Directions =>
Reproduce, exactly and in full, the lines from the one with "New 2026 Toyota Highlander Platinum" through the one with "Πώς σχεδίαζαν το" in the data below; drop pictures.

Input records =>
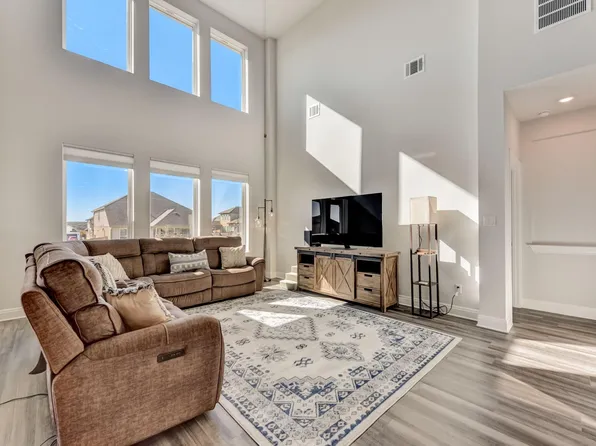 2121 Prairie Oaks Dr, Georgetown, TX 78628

---

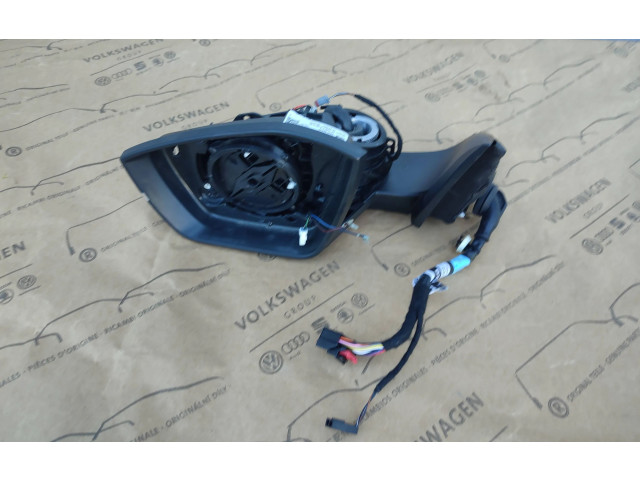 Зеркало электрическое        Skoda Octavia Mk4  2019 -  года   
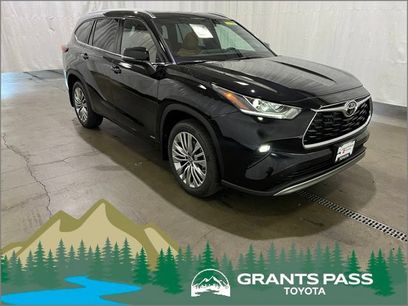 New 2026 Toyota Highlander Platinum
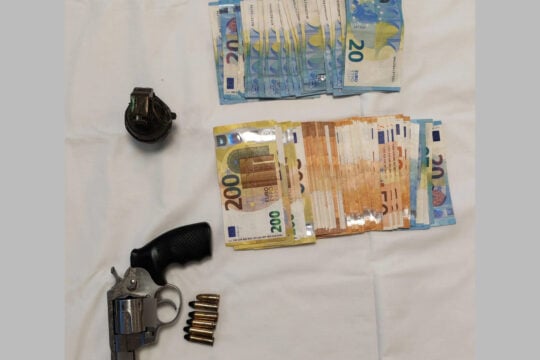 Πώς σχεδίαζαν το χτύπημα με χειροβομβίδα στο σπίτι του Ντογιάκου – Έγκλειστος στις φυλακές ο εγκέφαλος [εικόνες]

Output of the task =>
 New 2026 Toyota Highlander Platinum
 Πώς σχεδίαζαν το χτύπημα με χειροβομβίδα στο σπίτι του Ντογιάκου – Έγκλειστος στις φυλακές ο εγκέφαλος [εικόνες]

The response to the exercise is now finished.